Senior members of the Taliban’s Haqqani faction, which controls Afghanistan's interior ministry, knew Zawahiri was at the house and sought to remove evidence of his presence after he was killed, including by cordoning off the site and skirting his family members off to another location, the senior US official told reporters.
“For several years, the US government has been aware of a network that we assessed has supported Zawahiri,” the senior official said. Earlier this year, US intelligence picked up that Zawahiri’s wife, daughter and grandchildren had moved into a house in downtown Kabul. The jihadist leader soon followed.
He was observed "on multiple occasions for sustained periods of time" on the balcony of the house as US intelligence slowly built the case for his presence, according to the official, who added that Zawahiri is not believed to have emerged from the building after arriving there earlier this year.
The Al-Qaeda leader continued to produce propaganda videos from the safe house, the official said. Deputy US national security adviser Jon Finer and White House homeland security adviser Elizabeth Sherwood-Randall were first briefed on Zawahiri's suspected presence at the house in April, and President Biden was notified shortly thereafter, the official said.
Biden received several updates from top advisers and cabinet members over the subsequent months. In those meetings, the president expressed concern over the possibility of civilian casualties, inquiring about potentially overlooked details of the target environment, including lighting and weather, according to the official.
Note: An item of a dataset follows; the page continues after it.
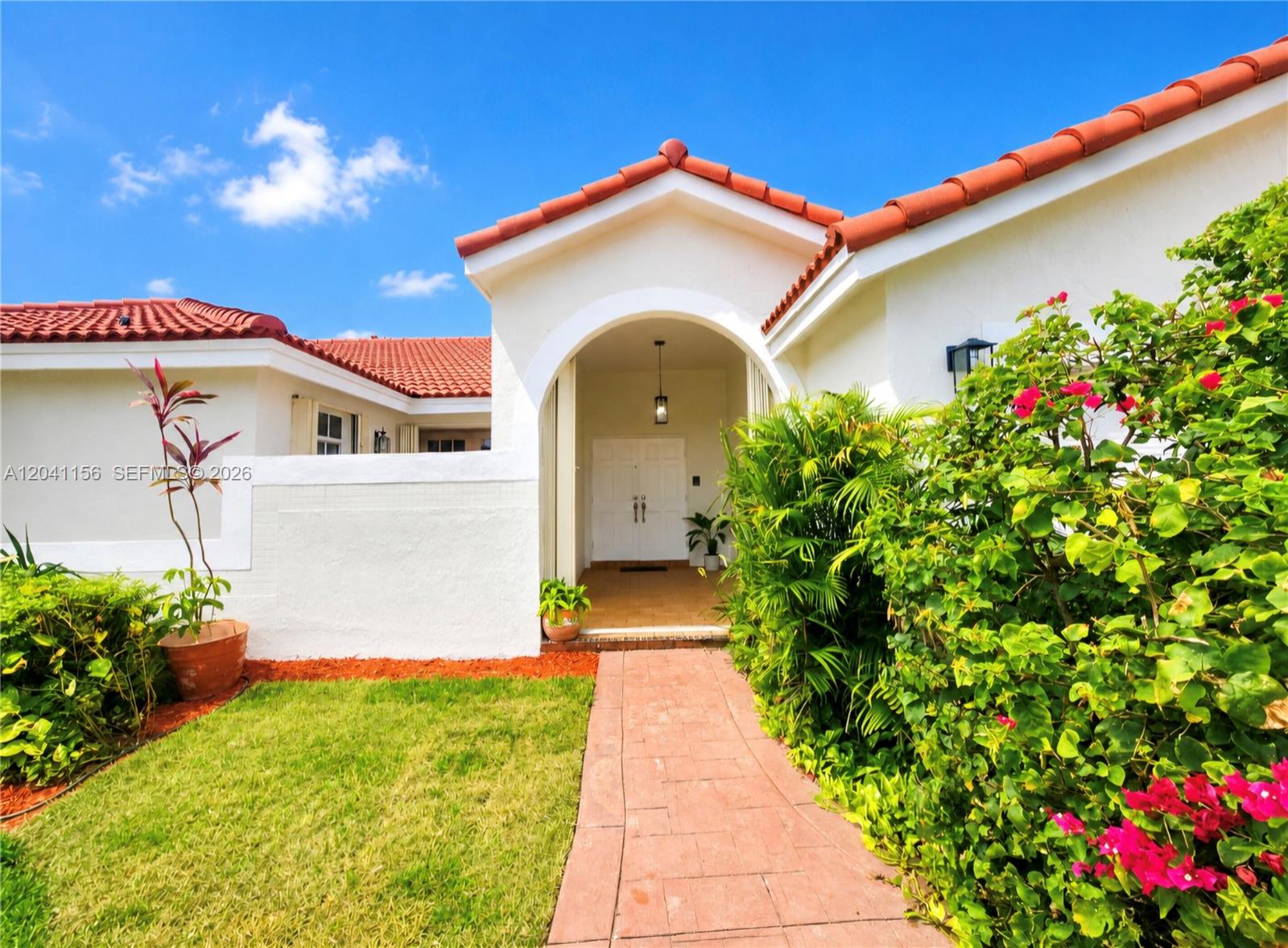 The exterior of a white house features a red tile roof and a brick walkway — 15630 SW 46th Ter, Miami FL 33185, MIAMI, FL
As officials combed through the intelligence, the president's advisers discussed at length ways to kill the Al-Qaeda chief without threatening civilians in the building or in the surrounding neighborhood, seeking to avoid civilian deaths that marred the US withdrawal from Afghanistan and prior raids against senior jihadist leaders.
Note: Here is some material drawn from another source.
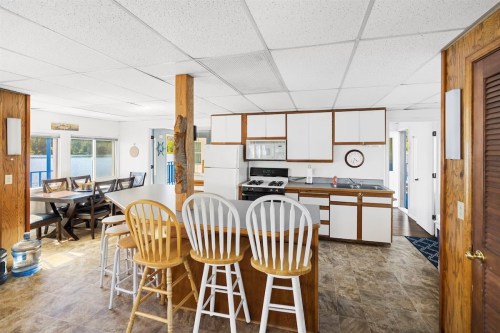 Bright kitchen and dining area with wooden accents, featuring a bar with stools and a large dining table.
US officials even investigated the building's construction so as to prevent potentially deadly structural damage, like that which occurred during a Delta Force raid that led to the death of Islamic State leader Hajji Abdullah in northwest Syria in February. During a briefing on a potential operation on July 1, President Biden personally examined a model of the house in which Zawahiri was staying.
On July 25, Biden finally gave the green-light for a drone strike to kill Zawahiri after once more inquiring about measures that could be taken to prevent civilian harm, the official said, adding that no US troops were involved on the ground.
“Zawahiri’s death deals a significant blow to Al-Qaeda and will degrade the group’s ability to operate, including against the US homeland,” the official said.
"I applaud the US military and intelligence community for a successful operation in Afghanistan to eliminate Al-Qaeda leader Ayman al-Zawahiri. Zawahiri was an evil terrorist and co-conspirator of the September 11, 2001 terrorist attacks with the blood of thousands of Americans on his hands," US Senator Marco Rubio, vice chair of the Senate select intelligence committee, said in a press release on Monday.
Mick Mulroy, a former CIA paramilitary officer who later served as the Pentagon's Middle East policy director, called the strike "a major success of US counterterrorism efforts" and "a result of countless hours of intelligence collection over many years."
"He likely believed we would never be able to track him down," said Mick Mulroy, now an ABC News contributor. "He was wrong."
"The message for Al-Qaeda and all its affiliates should be that the US will never relent in its mission to hold those accountable who would seek to harm the United States and its people," Mulroy said.
This story was updated on Monday evening to include additional details of the US strike.